Task statement:
From the first line to the last, print the records exactly, leaving out the pictures.

Records supplied:
==========

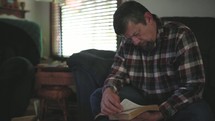 a man praying and reading a Bible 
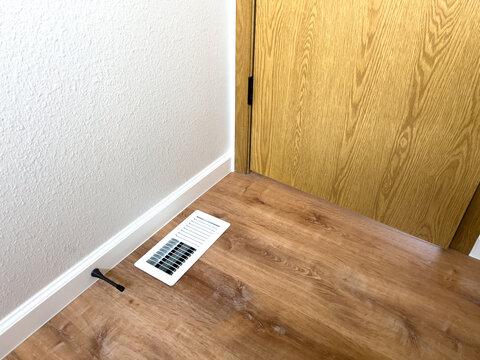 New Flooring with Vent in Home Remodel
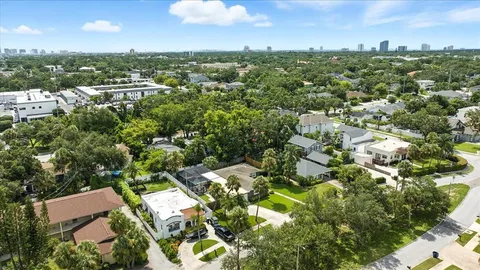 an aerial view of residential houses with outdoor space and trees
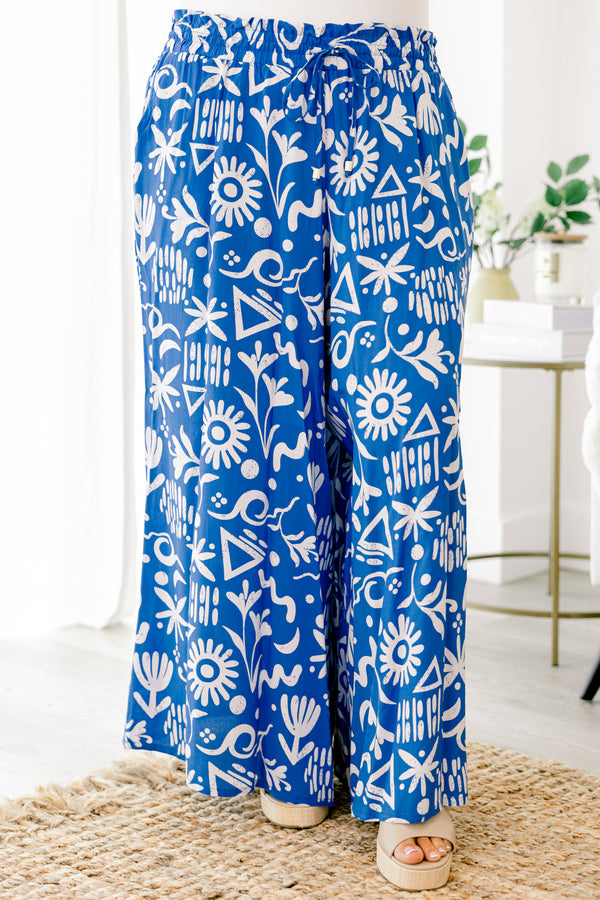 Plus Size blue wide-leg pants with a white tropical print, elastic drawstring waist, and pockets.
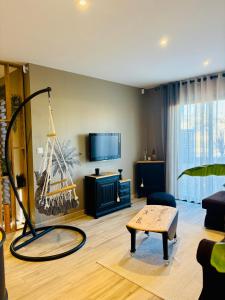 a living room with a tv and a coffee table at Villa Palmiers 5 min de la Mer, confortable 4 Personnes, parking free, in Sérignan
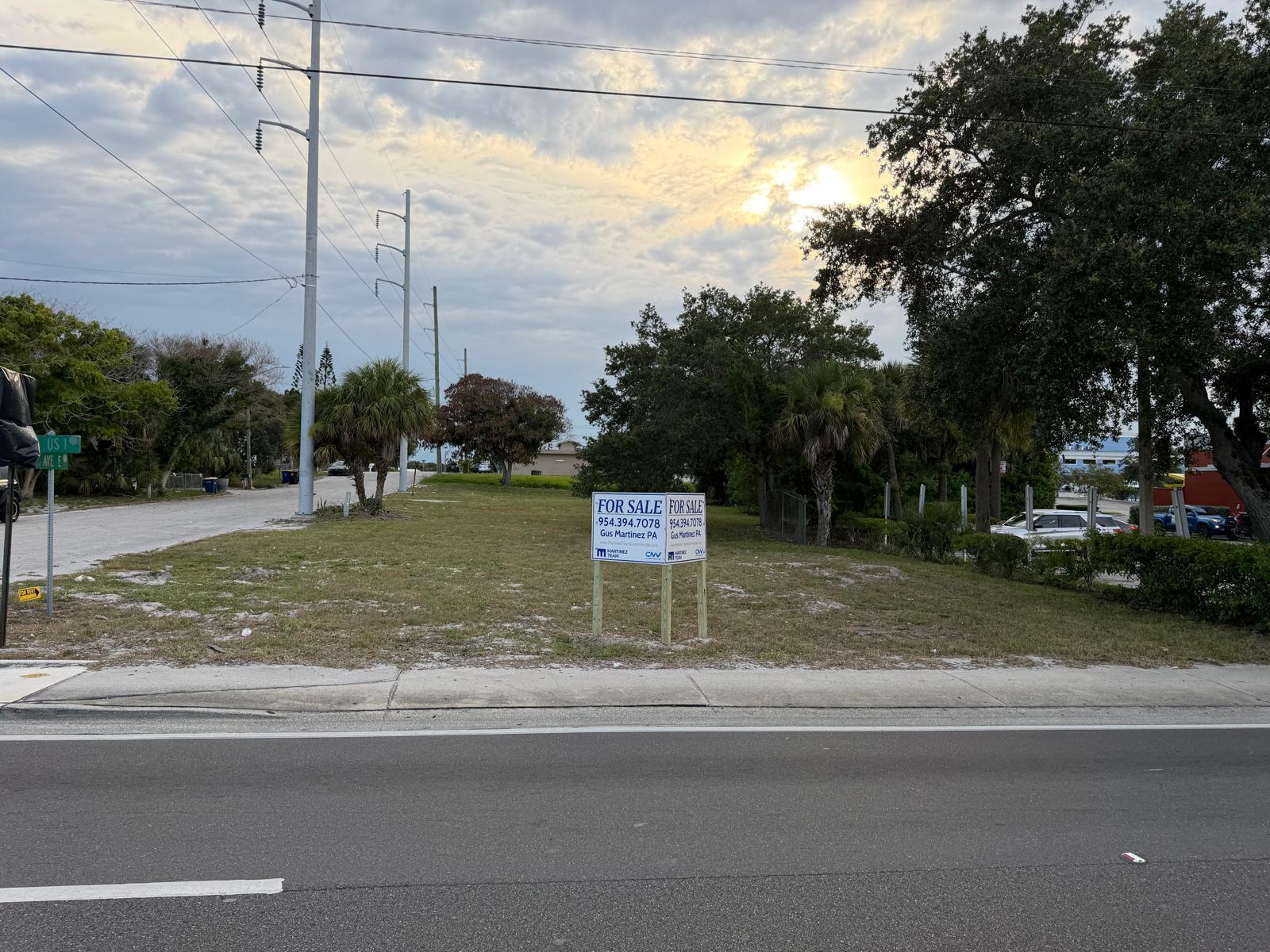 A vacant grassy lot with a for sale sign stands beside a paved road — 408 Avenue E, Fort Pierce FL 34950, FORT PIERCE, FL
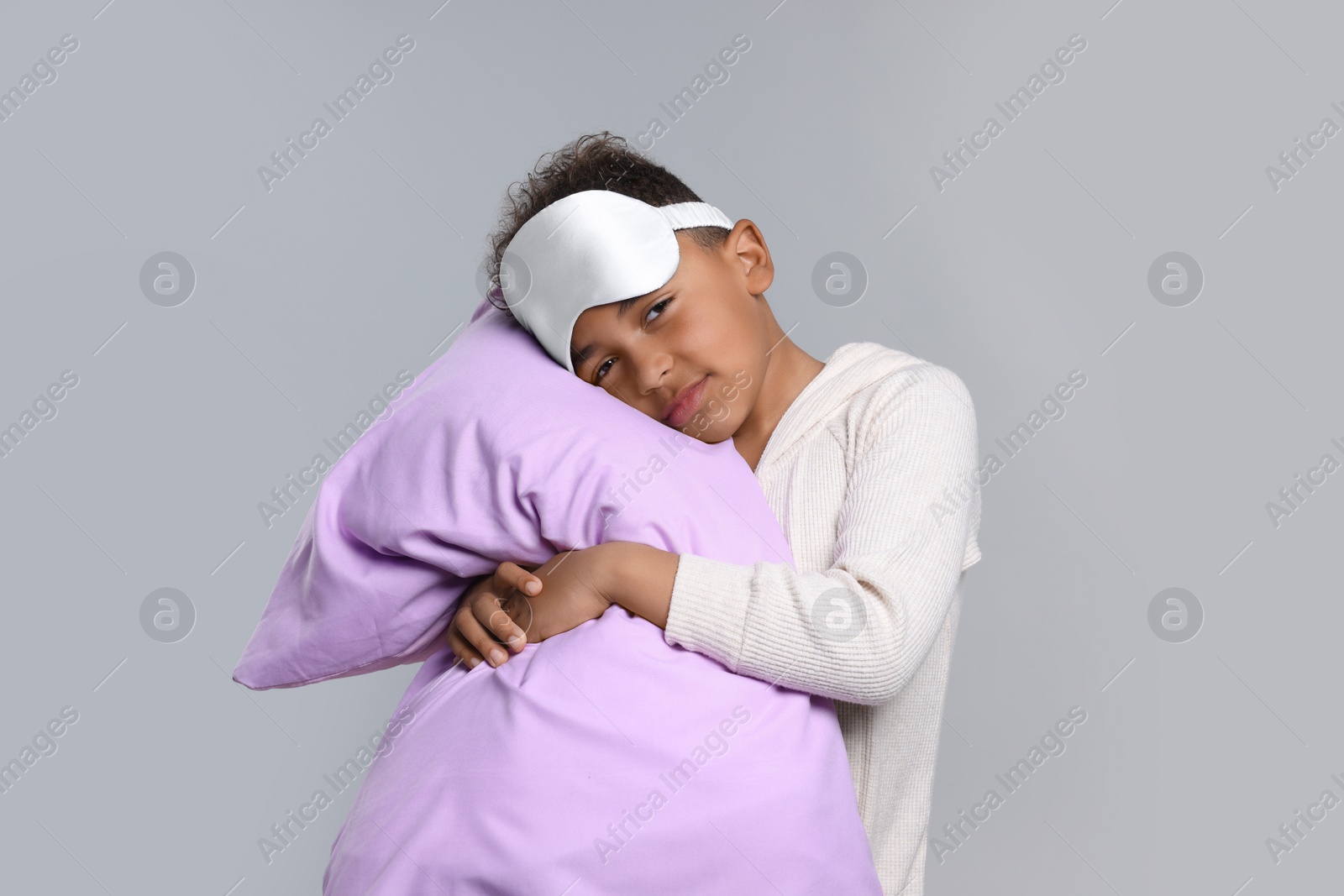 Photo of Boy with pillow and sleep mask on grey background. Insomnia problem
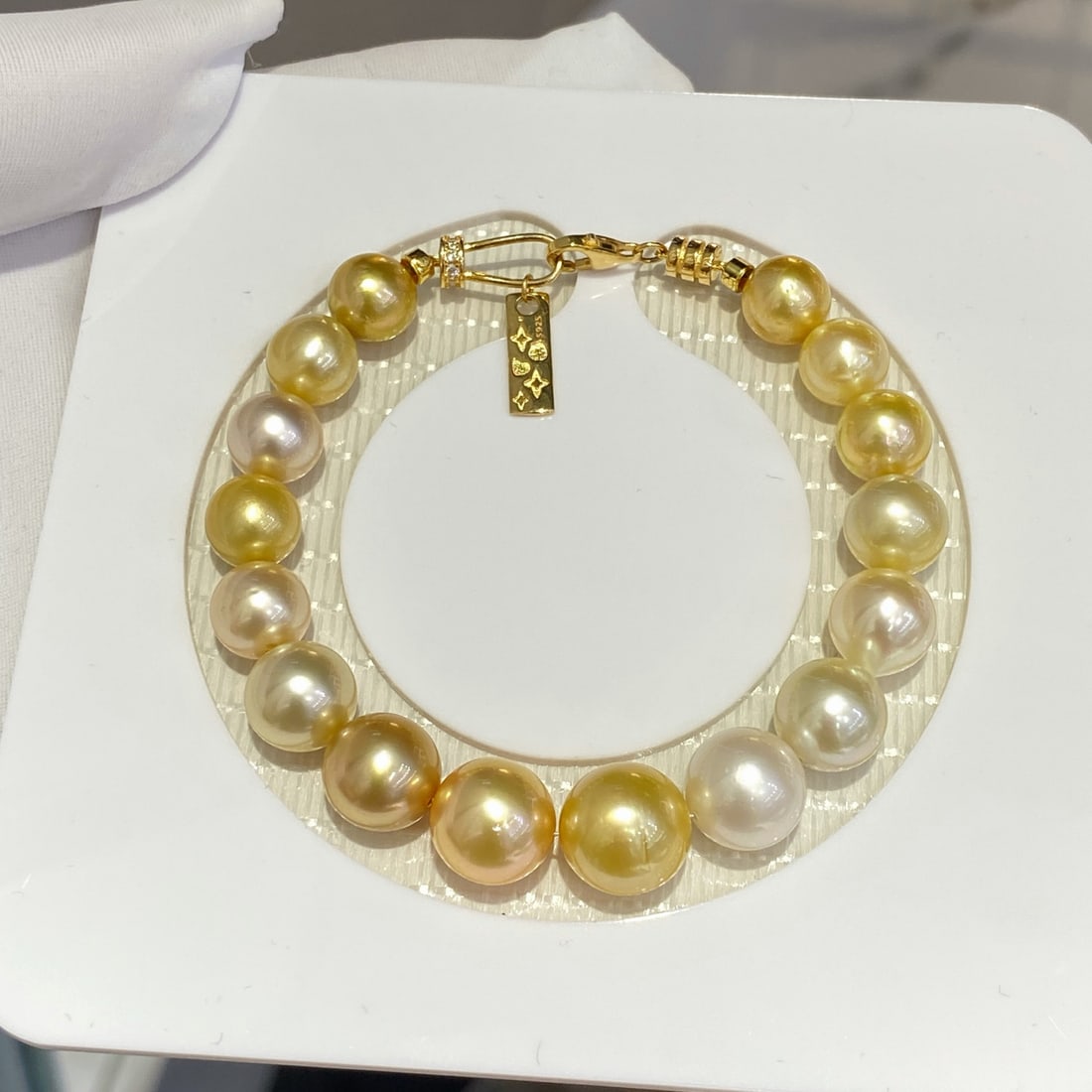 White South Sea Pearl Bracelet: This bracelet is made of white South Sea pearls, showcasing a high quality with very slight blemishes. The natural luster of the pearls combined with gold beads adds a touch of elegance. Each pearl is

==========

Solution to this exercise:
 a man praying and reading a Bible 
 New Flooring with Vent in Home Remodel
 an aerial view of residential houses with outdoor space and trees
 Plus Size blue wide-leg pants with a white tropical print, elastic drawstring waist, and pockets.
 a living room with a tv and a coffee table at Villa Palmiers 5 min de la Mer, confortable 4 Personnes, parking free, in Sérignan
 A vacant grassy lot with a for sale sign stands beside a paved road — 408 Avenue E, Fort Pierce FL 34950, FORT PIERCE, FL
 Photo of Boy with pillow and sleep mask on grey background. Insomnia problem
 White South Sea Pearl Bracelet: This bracelet is made of white South Sea pearls, showcasing a high quality with very slight blemishes. The natural luster of the pearls combined with gold beads adds a touch of elegance. Each pearl is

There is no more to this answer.